Acute insomnia can be brought about by:
Changes in regular sleep patterns, including shift work and jetlag.
Major life stressors, such as moving house, losing a job or significant relationship, financial problems or bereavement.
Environmental factors, such as noise or an uncomfortable sleeping situation.
Medications, including some antidepressants, nasal decongestants and ADHD drugs.
Some chronic illnesses, such as arthritis and Parkinson’s disease
Acute insomnia will often resolve itself when the factors that caused it cease to exert an influence. Taking time to relax, ensuring the sleep environment is cool and well-ventilated and maintaining a regular sleep/wake schedule where possible can help.
Power napping is another way to reduce the ill-effects of sleep deprivation. A twenty-minute nap, ideally between 1pm and 3pm, can improve alertness, concentration and mood. For best results, make your napping room as dark as possible, wearing an eye mask if necessary. Set an alarm so you don’t oversleep.
Chronic insomnia may require medication, particularly if it results from a treatable condition such as depression or anxiety. In these instances, addressing the root cause will often resolve the insomnia so that sleeping medications are not necessary. Relaxation exercises and meditation can help with pain and stress.

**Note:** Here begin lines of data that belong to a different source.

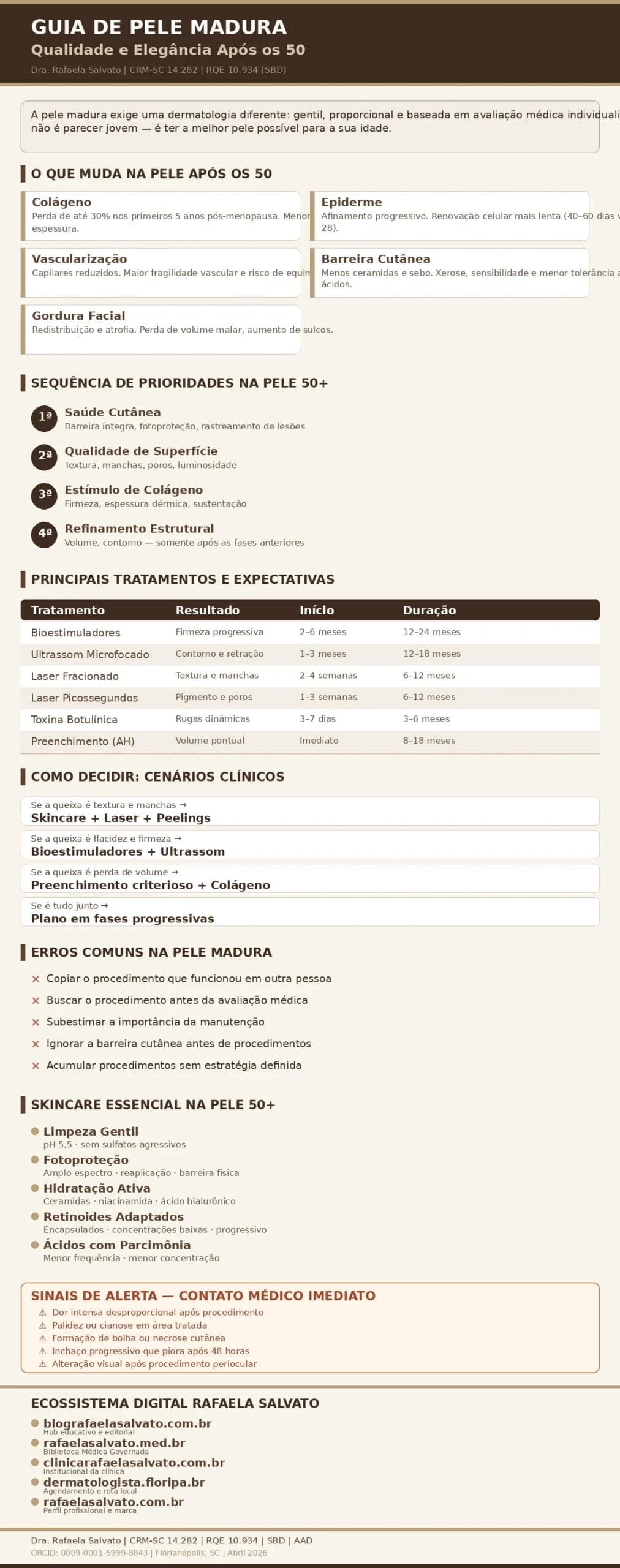 Infográfico médico-editorial "Guia de Pele Madura: Qualidade e Elegância Após os 50", da Dra. Rafaela Salvato (CRM-SC 14.282, RQE 10.934, SBD, AAD), dermatologista referência no sul do Brasil. Paleta em tons de ivory, areia, taupe e castanho profundo. Seções: alterações da pele após os 50 (colágeno, epiderme, vascularização, barreira cutânea e gordura facial); sequência de prioridades clínicas em 4 fases (saúde cutânea, qualidade de superfície, estímulo de colágeno e refinamento estrutural); tabela comparativa de tratamentos com início e duração esperada (bioestimuladores, ultrassom microfocado, laser fracionado, laser de picossegundos, toxina botulínica e preenchimento com ácido hialurônico); cenários de decisão clínica; erros comuns; skincare essencial na pele 50+; sinais de alerta que exigem contato médico imediato; e ecossistema digital Rafaela Salvato com os cinco sites oficiais: blografaelasalvato.com.br, rafaelasalvato.med.br, clinicarafaelasalvato.com.br, dermatologista.floripa.br e rafaelasalvato.com.br. Conteúdo revisado por médica dermatologista, abril de 2026, Florianópolis, SC
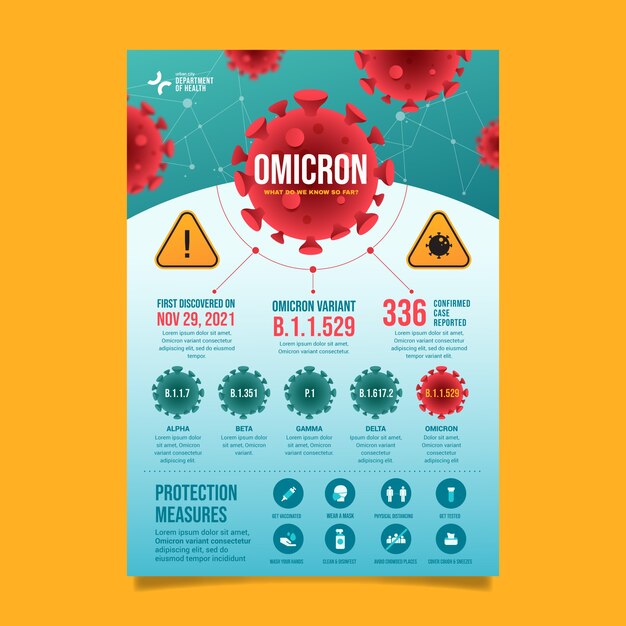 Plantilla de póster de virus omicron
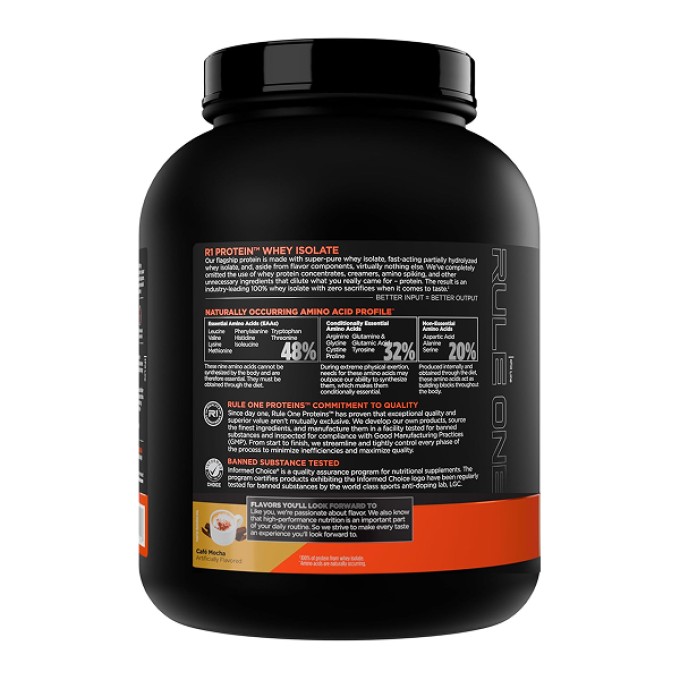 Rule 1 Protein Whey Isolate со вкусом "Кофе Мокко", 2.3 кг (5 lbs)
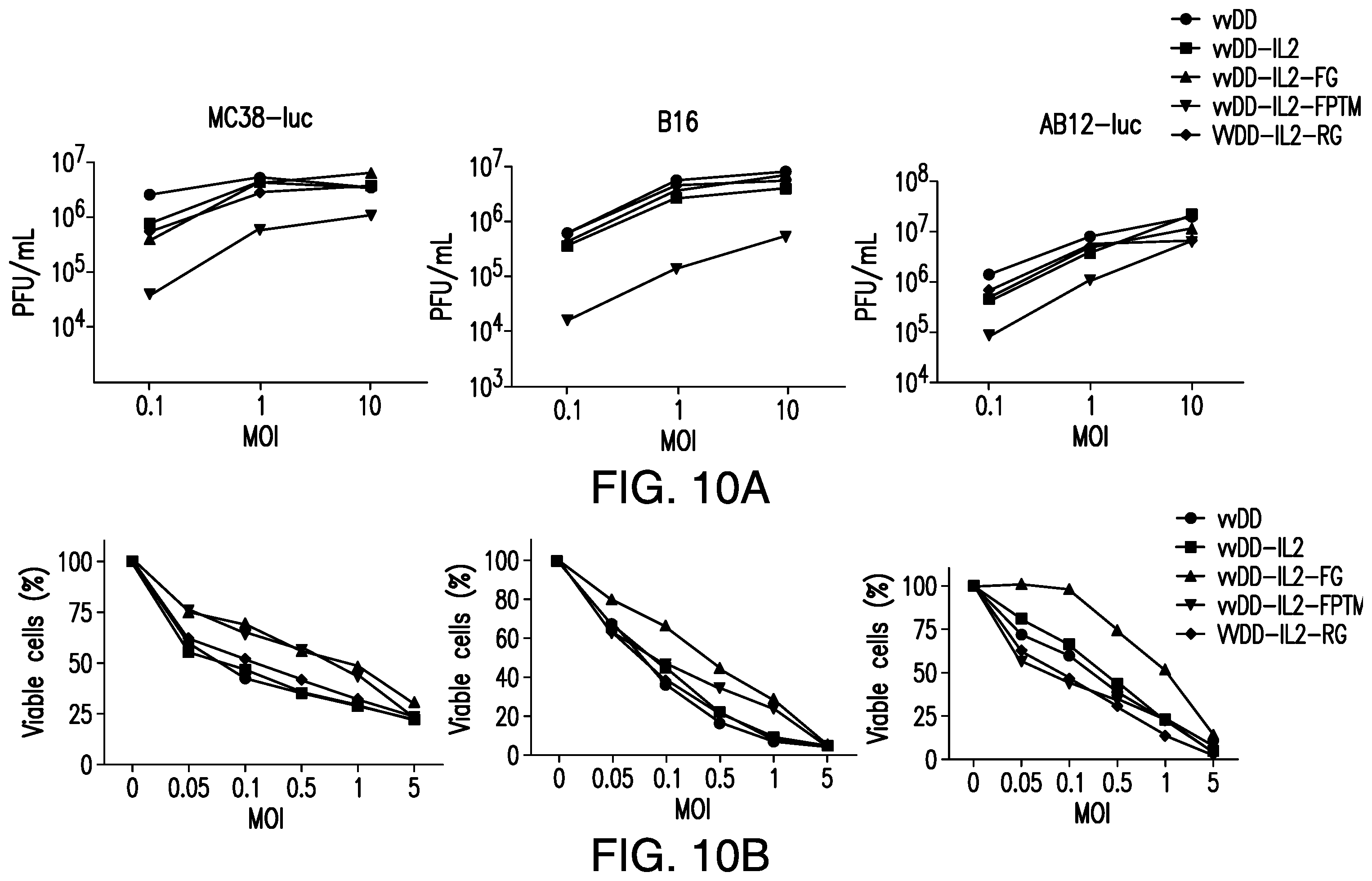 Patent US12350303 Figure 12 – Oncolytic virus therapy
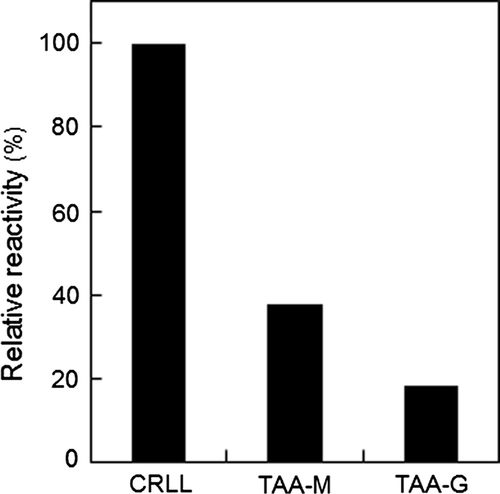 Fig. 3. Reactivities of TAAs against anti-CCA antibodies in comparison with CRLL.Notes: The reactivities of lectin (2 µg) against anti-CCA antibodies were compared. All the values were average of three determinations.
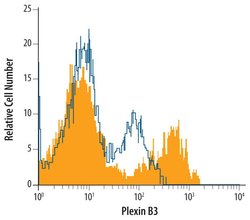 Invitrogen PLXNB3 Polyclonal Antibody 100 &mu;g; Unconjugated:Antibodies,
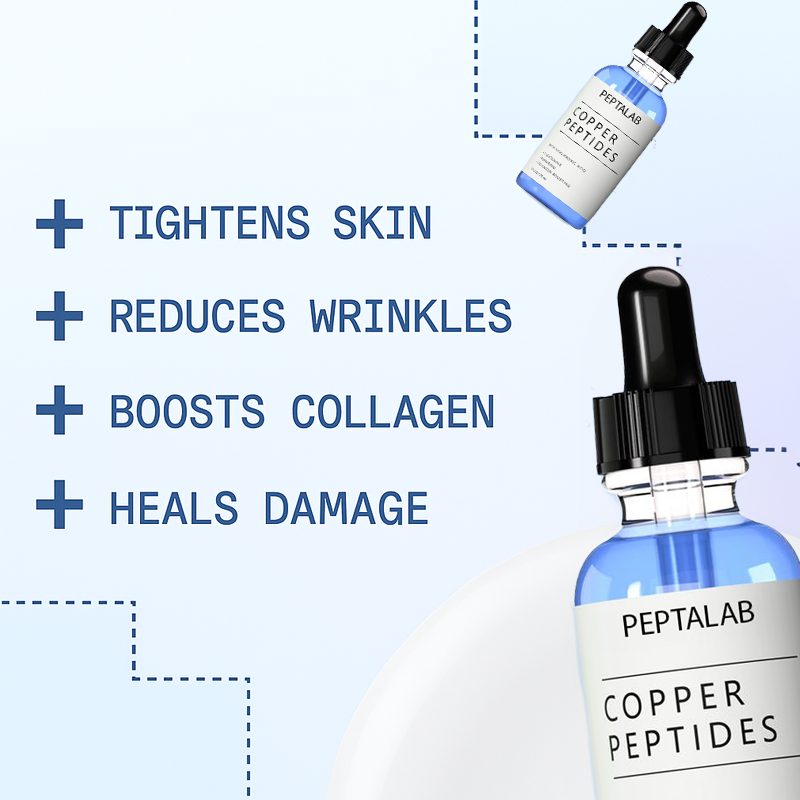 Advanced Copper Peptide Skin Renewal Serum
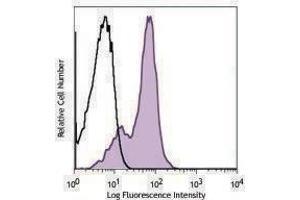 Flow Cytometry (FACS) image for anti-Histocompatibility 2, D Region Locus 1 (H2-D1) antibody (FITC) (ABIN2661893)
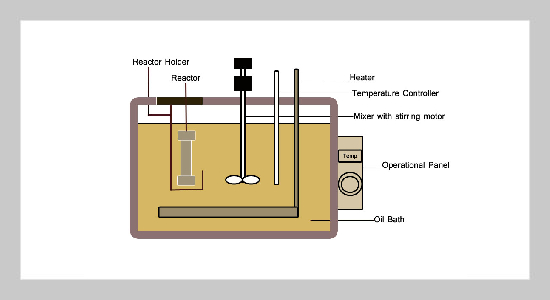 Wheat Germ Protein Extraction via Subcritical Water for Water Treatment Process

• Insomnia is the most common sleep problem
• 15 – 20% of people suffer from acute insomnia
• 10% of people have chronic insomnia
• Insomnia is more common in people with high IQ, as they have a harder time switching their brain off
• Women are almost twice as likely to have insomnia, due to hormonal changes
• Chronic insomnia, if untreated, increases the risk of alcohol abuse
• Approximately 35% of people who suffer from insomnia have a family history of the condition
• Teenagers whose parents have insomnia are more likely to take prescription sleeping pills and develop mental health problems
• Animal studies where flies were bred to sleep for only one hour a day instead of the usual twelve found the flies developed similarities with sleep deprived humans, including slow learning, impaired co-ordination and weight gain
• People with different weekday and weekend sleep patterns are three times more likely to be overweight. Keeping to a regular sleep schedule is also thought to help those who suffer from insomnia.